Hollywood Victory Caravan (19:37)
Made in 1945, this short film was designed to raise funds for War relief charities and was released after VJ Day. A slender storyline involving a young woman (Virginia Welles) attempt to reach her conscripted husband is an excuse for four musical numbers from the original stage version of the Caravan (from 1942) and appearances from stars such as Bob Hope, Humphrey Bogart and Barbara Stanwyck.
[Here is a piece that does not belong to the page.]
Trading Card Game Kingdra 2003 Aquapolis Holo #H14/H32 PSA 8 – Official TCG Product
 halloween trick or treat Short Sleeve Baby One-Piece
Lee suffers the pains of getting into shape

Book
This limited edition includes a double-sided poster and an eighty-page book. After film credits, it begins with a new essay by Rick Burin, "A Good Dose of Schmerz". While claiming that Remember the Night is as good as any of Sturges's own films as director, he does cover Sturges's career from his breakthrough into Hollywood following stage success. Sturges clashed with Leisen on both the films they worked on together, with Sturges claiming that Leisen had no flair for comedy and more interested in interior design. However, Easy Living and Remember the Night were the only two of his films of which he kept 16mm copies, so maybe he was secretly reconciled to them after all. Burin also looks at the film as part of another great run, that of Stanwyck from 1939 to 1941, in which she performed some five of her great roles.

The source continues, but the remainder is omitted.